En quarante-cinq ans d’édition, Vladimir Dimitrijevic a bâti avec sa maison, L’Age d’homme, un catalogue exigeant et faisant autorité dans le domaine slave. Disparu en 2011, son parcours fut peu banal : adulé dans les années 1980, il fut voué aux gémonies la décennie suivante, mais à chaque fois pour des raisons plus politiques que littéraires. Sa mort brutale, dans un accident de la circulation, l’a empêché de laisser des Mémoires et peut-être, du reste, n’aurait-il jamais songé à se livrer à cet exercice narcissique, lui qui aimait dire que son catalogue lui servait de "portrait-robot". Le livre d’entretiens avec Gérard Conio qui paraît aujourd’hui aux éditions des Syrtes, en coédition avec L’Age d’homme, à défaut de combler cette lacune, nous offre de très belles pages sur la conception que Dimitrijevic avait du métier d’éditeur, en même temps qu’il nous éclaire un peu plus sur le personnage.
Réfugié en Suisse
Né en 1934, Vladimir Dimitrijevic décide, à 20 ans, de fuir la Yougoslavie communiste. Il se réfugie en Suisse, où il travaille quelque temps dans l’industrie horlogère, avant de trouver à s’employer dans une librairie, d’abord à Neuchâtel, puis à Lausanne. C’est dans cette dernière ville qu’il fonde, en 1966, sa maison d’édition. C’est aussi à Lausanne qu’il rencontre, en 1972, l’universitaire Gérard Conio, alors en poste à l’université de Bratislava. Gérard Conio traduira, pour lui, des auteurs russes et polonais mais les deux hommes vont surtout se livrer à des échanges qu’ils décident, en 1996, d’enregistrer au magnétophone. Ces échanges, qui s’interrompront à la mort de l’éditeur, étaient destinés à devenir un livre dont Vladimir Dimitrijevic avait lui-même choisi le titre, Béni soit l’exil ! : "C’est paradoxal, mais l’exil m’a donné cette possibilité de me sentir chez moi partout", expliquait-il, précisant toutefois que cette sensation se limitait à l’Europe chrétienne. Ailleurs, il avait l’impression d’être "dans un décor" : "Ça m’intéresse, ça me passionne, mais ce n’est pas pareil."
Anticommuniste
Catalogué à ses débuts comme un éditeur "viscéralement" anticommuniste, il devient, à partir du milieu des années 1970, et notamment après la publication des Hauteurs béantes d’Alexandre Zinoviev, un héraut de la dissidence, dès lors qu’il ne se trouvait plus guère de figures intellectuelles pour défendre le communisme. L’écroulement du bloc de l’Est marqué, pour ce qui le concerne, par l’explosion sanglante de l’ex-Yougoslavie, va faire de lui un paria, en raison de son attachement à ses racines serbes et chrétiennes orthodoxes. Cette partie de son parcours constitue, à travers plusieurs chapitres, l’un des points forts de l’ouvrage. "Je suis serbe et j’ai le droit de défendre ma tradition et mon pays", se justifie Dimitrijevic.
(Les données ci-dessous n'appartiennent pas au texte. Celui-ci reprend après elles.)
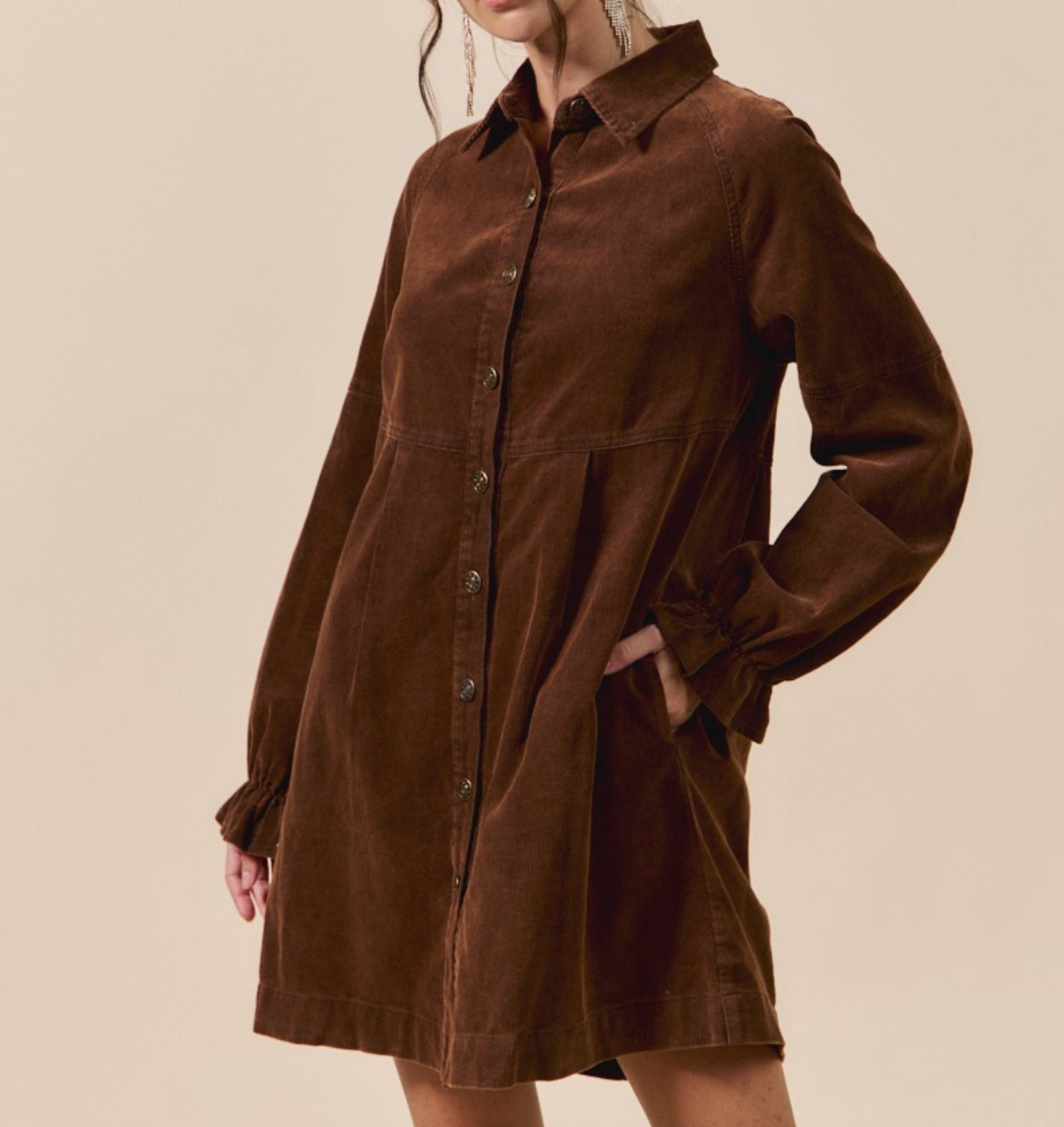 So Me "The One & Cordur-only" Mini Dress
Il n’est pas sûr qu’une pirouette ("On m’a reproché d’être un éditeur "proserbe", mais c’est ridicule. Reprocherait-on à un Suisse d’être "prosuisse" ?") et un développement intéressant sur les pratiques de "chiens de garde" des intellectuels tout au long du XXe siècle ne suffisent à son retour en grâce chez ceux qui lui ont tourné le dos. Car Dimitrijevic use de formulations ("nouvel ordre mondial", "politiquement correct", "roquets de l’information"…) qu’on retrouve ad nauseam chez les tenants de la "pensée unique", la vraie, celle qui s’insinue aujourd’hui partout comme un cancer, et qui est à la fois raciste, misogyne et profondément réactionnaire. "Les Serbes sont trop marqués par une vision virile du monde, avance-t-il par exemple. Et la vision virile, héroïque du monde, est complètement bannie. L’héroïsme, le côté épique de la vie, est complètement démoli par la recherche de la sécurité. Et la recherche de la sécurité, c’est un réflexe féminin. Nous entrons probablement dans une société matriarcale qui interdit les exploits." Sauf à considérer que le massacre de Srebrenica, dont il ne dit pas un mot, fut un exploit.